Aim. The purpose of the present research was to examine the factors that lead to musculoskeletal disorders in dentists by assessing their posture using RULA method. Materials and Methods. In this cross-sectional study, 130 dentists (84 male and 46 female) participated. The posture of the subjects during their normal workload was recorded by using the RULA method, and the range of musculoskeletal pains by using the Nordic Musculoskeletal Questionnaire (NMQ), and individual and professional data was assessed by a demographics questionnaire. All tests were performed at the P<0.05 level. Results. Assessment of the physical status of the subjects showed that 82.8% of subjects were at high risk of musculoskeletal disorders. The majority of musculoskeletal pains were in the neck (55.9%) and the shoulder (43.8%). Moreover, 68.9% of the subjects had experienced pain at least once over the last year. Significant relationships were observed between musculoskeletal pain and daily work hours P=0.07 and number of patients P=0.02, but the pain was not significantly associated with BMI and experience. Conclusion. The present findings showed that unsuitable posture of dentists during work has a considerable effect on musculoskeletal disorders. Therefore, further investigation is required to avoid the detrimental effects of wrong posture.
1. Introduction
Dental practice is a high risk profession and every year a large number of dentists are at risk of job related musculoskeletal disorders [1–3]. Different factors such as heredity, stress, unsuitable posture during work, and lack of regular exercise can affect the incidence of such disorders [3]. In many studies of the prevalence of different musculoskeletal pains, it was reported as more than 50% [4–6], but due to poor posture of upper limb [7, 8], repetitive movements, long term static contractions [9], and use of high-vibration tools [10], accumulation and injury in the upper limb are higher [11, 12]. A review by Hayes et al. (2009) reported the majority of damage in upper limbs (back, shoulder, and neck) [13]. In the study of Chamani et al., the prevalence of pain in dentists over a year was reported to be 50.9%, 43.6%, and 37.3% in the neck, wrist, and back regions, respectively [14]. Many studies have reported that poor posture in dentists during working is the major risk factor for musculoskeletal pain; for example, Choobineh and his colleagues, in Shiraz (2010), reported that dentists’ postures during dental work, by RULA (Rapid Upper Limb Assessment) method, were at high risk of musculoskeletal injuries and require immediate attention and correction [15]. In similar studies, Saremi in Tehran (2006) [16] and Varmazyar et al. in Gazvin (2008) [17], respectively, reported that 30% and 30.2% of dentists were prone to the risk of musculoskeletal disorders by using REBA (Rapid Entire Body Assessment) method. A study by the American Dental Association (1997) showed that 9.2% of the subjects had serious upper limb damage of which 20% required surgery and 40% had to reduce their work hours [18]. Shugars et al. (1984) reported that annually more than 41 million dollars is spent on treatment of musculoskeletal disorders in dental professionals [19]. Each year many dentists are forced to leave their clinic, reduce their work hours, and even consider early retirement [19–21]. High treatment costs and work loss increase economic problems and decrease efficiency.

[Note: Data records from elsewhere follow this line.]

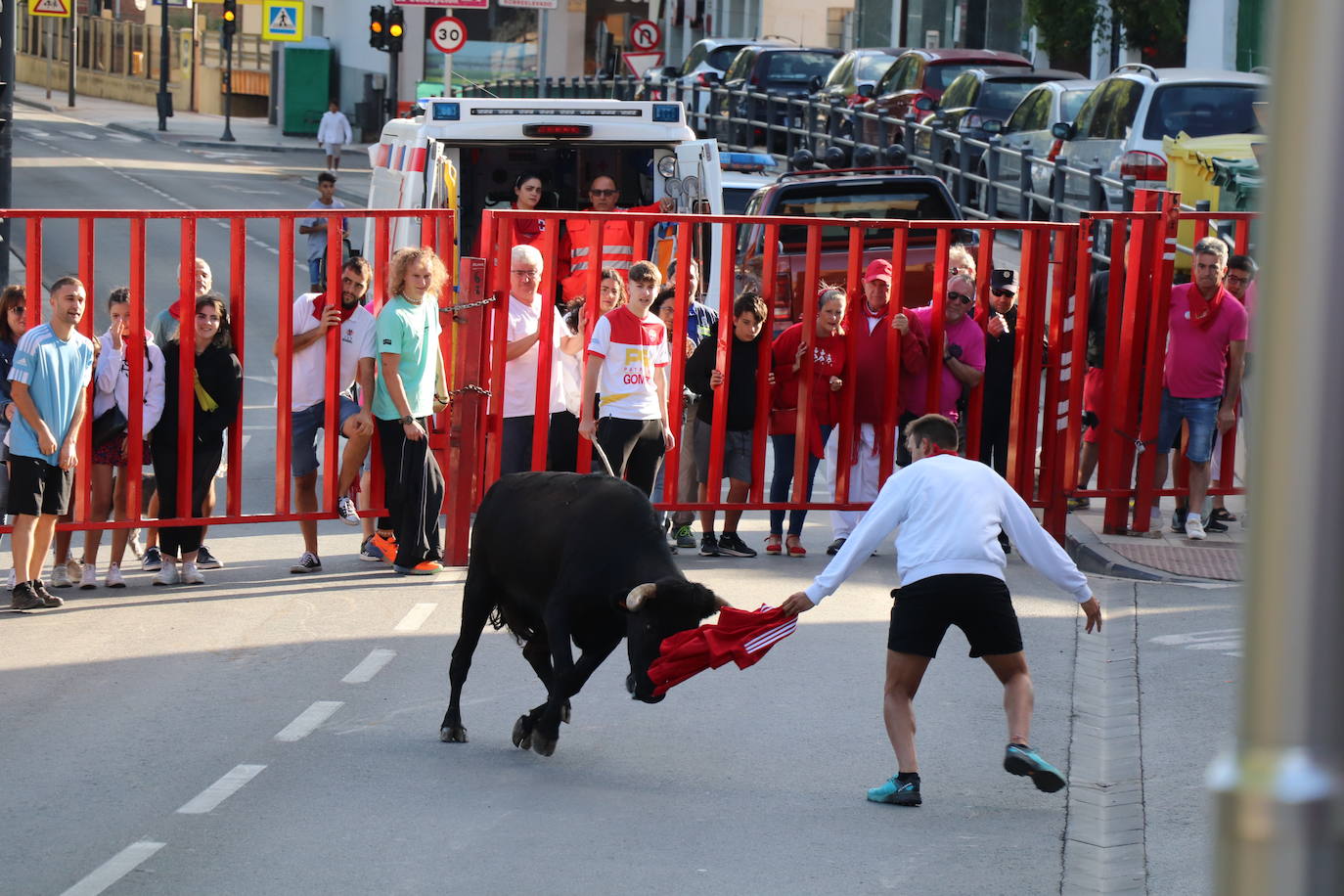 Fotos: Los festejos menores triunfan en las fiestas de Alfaro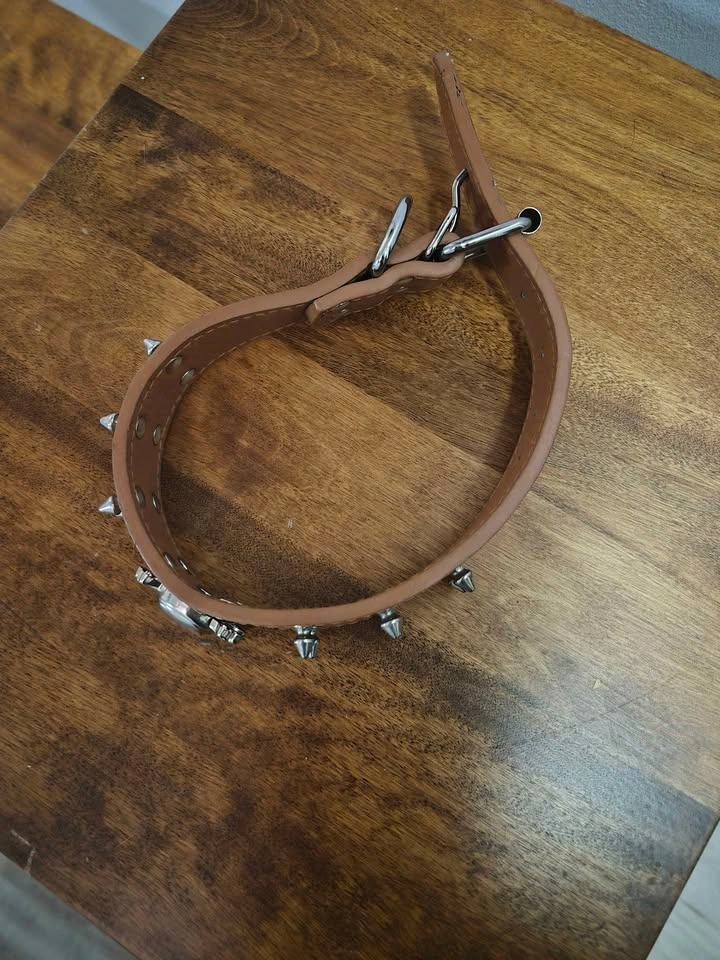 Leather dog spike collar with skull - photo 2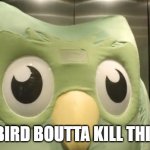 a mock meme | THIS BIRD BOUTTA KILL THIS GUY | image tagged in duolingo plush | made w/ Imgflip meme maker
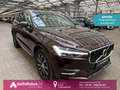 Volvo XC60 T6 AWD Inscription Plug-In|AHK|LED Braun - thumbnail 1
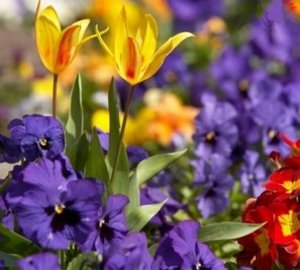 Як створити квітник безперервного цвітіння з багаторічників: схеми, покрокова інструкція, фото і відео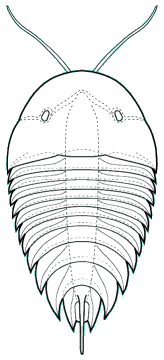 Xandarella spectaculum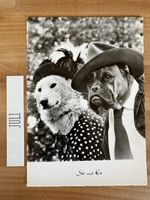 AK von Hunde Paar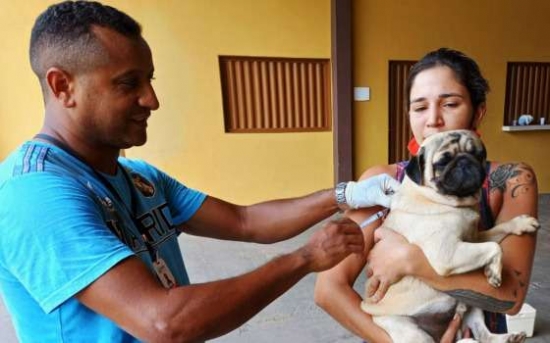 Prefeitura de Aragarças realiza 'Dia D' da vacinação antirrábica neste sábado (22)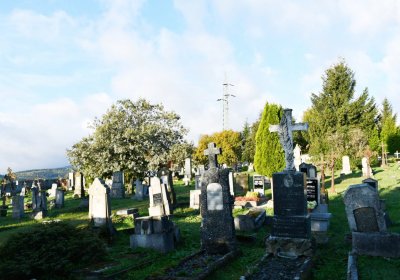 Měděnec, Omnium, 2020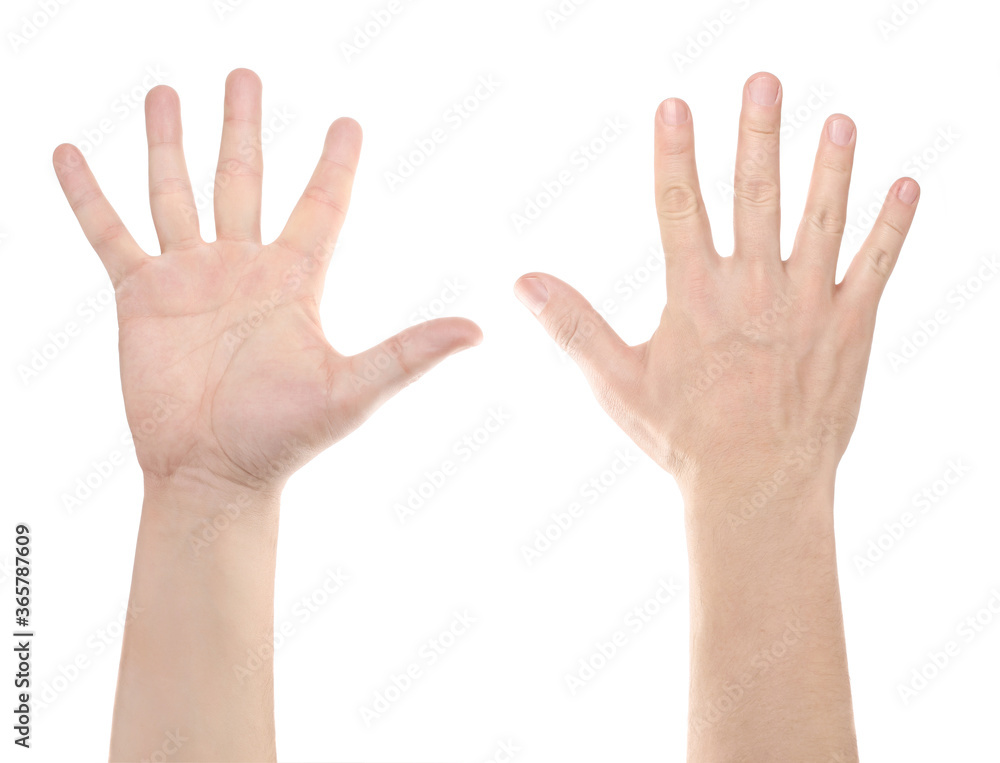 Raised hand, isolated on white background Raised hand, isolated on white background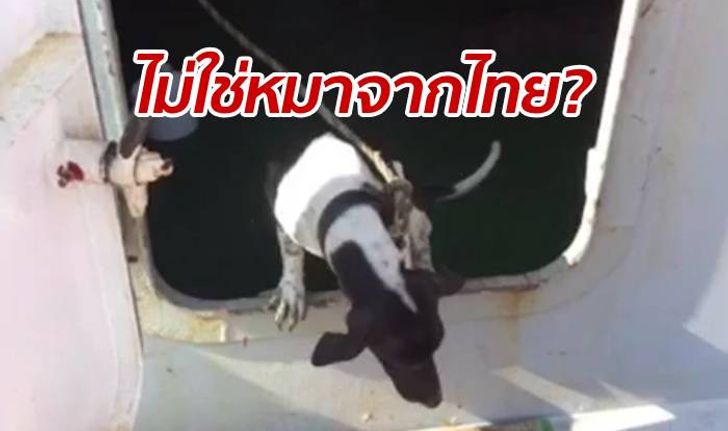 ท่าเรือแจงดราม่า "หมาติดเรือ" ไปถูกฆ่าที่ฮ่องกง เช็กวงจรปิดไม่เห็นสักตัว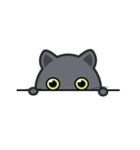 Kuma Korat cat（個別スタンプ：9）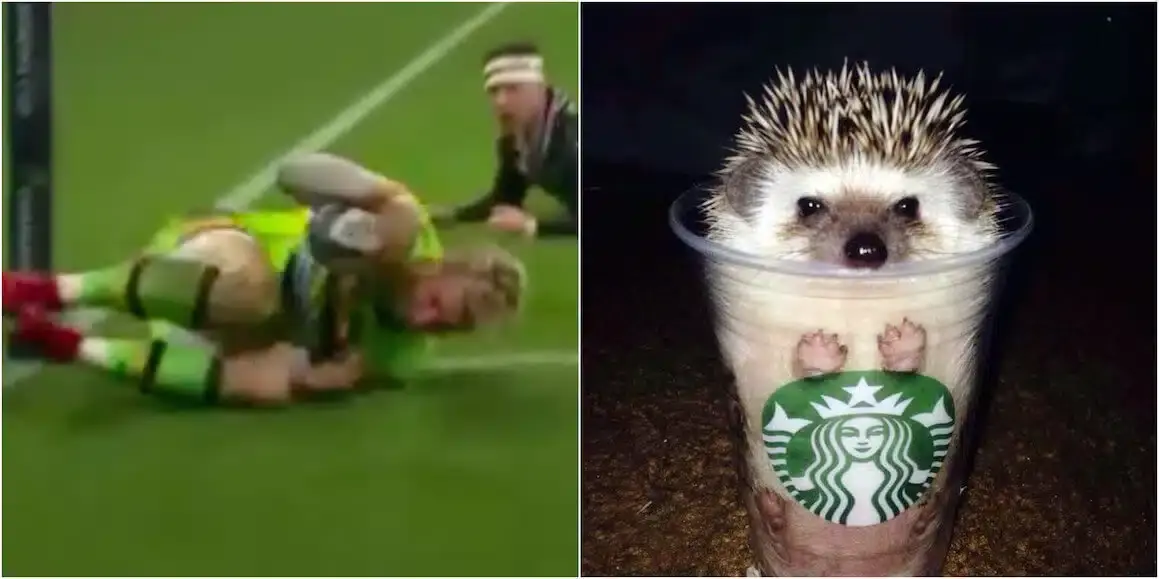 hedgehog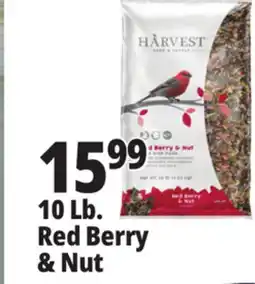 Ocean State Job Lot 10 lb Red Berry & Nut offer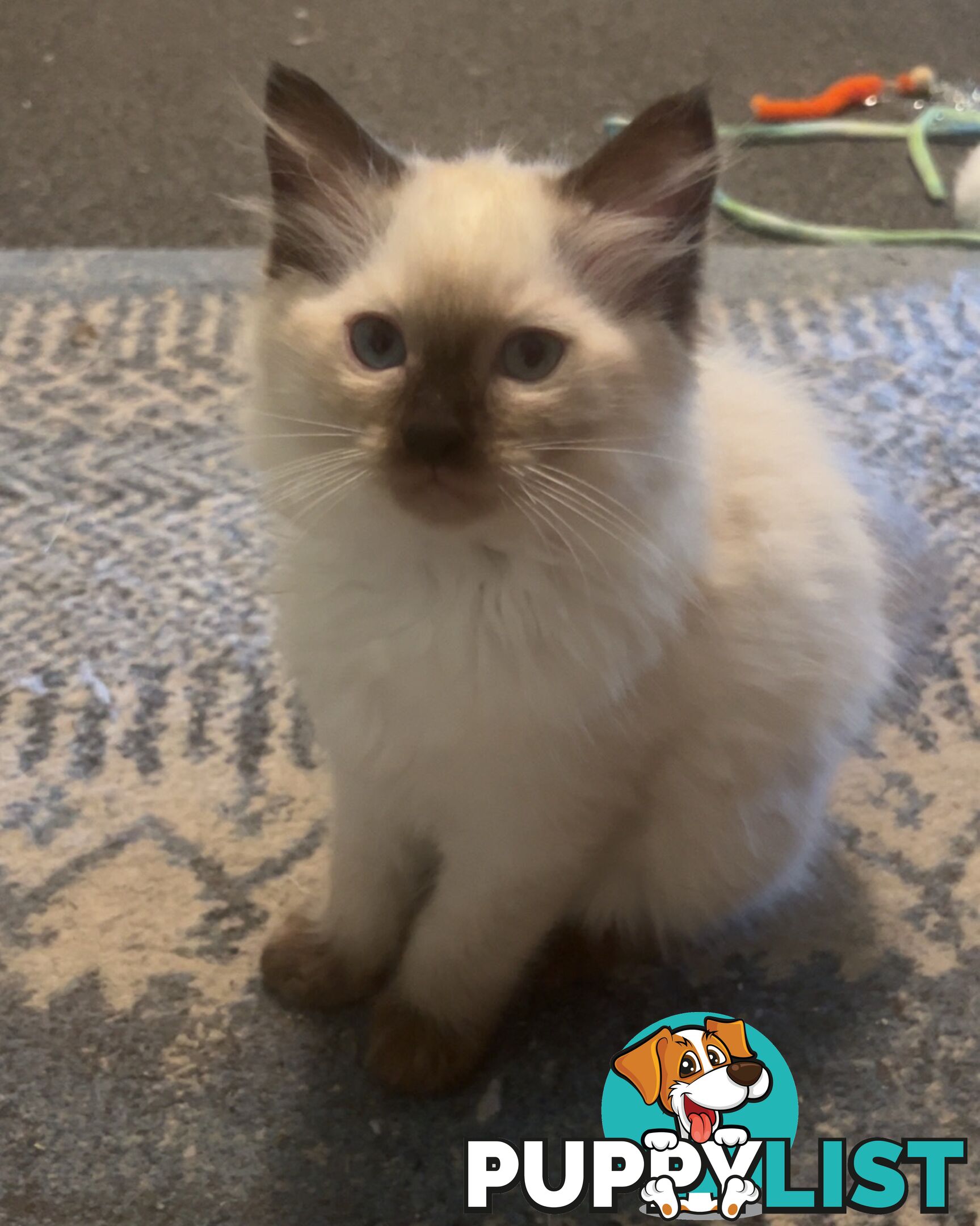 Purebred ragdoll kittens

Due to the negative effects of musculoskeletal injuries, review and study of injuries and musculoskeletal pain is very important, but since most previous research aimed to investigate the prevalence of musculoskeletal disorders [14, 21, 22] and less attention to injuries of upper limb postures and specifically to the effect of body posture, the present study aimed to assess posture versus upper limb musculoskeletal pain among dentists.
2. Materials and Methods
In this descriptive cross-sectional study, 130 general and professional dentists (84 male and 46 female) with at least 4 years of experience and with no record of hereditary musculoskeletal disorders participated in the sample; they used new and up-to-date equipment. Of this number, 12 subjects were excluded from the study due to their lack of cooperation or submitting incomplete questionnaires. Using a demographic questionnaire, the personal characteristics of the subjects were recorded, including gender, age, height, weight, BMI, regular exercise pattern every week, work experience, work hours per week, and number of patients per week. Moreover, the RULA (Rapid Upper Limb Assessment) method was used to examine the ergonomic sitting posture of the subjects. This method was developed by McAtamney and Corlett (1993) for use in ergonomic investigations of workplaces where work related upper limb disorders are reported [23].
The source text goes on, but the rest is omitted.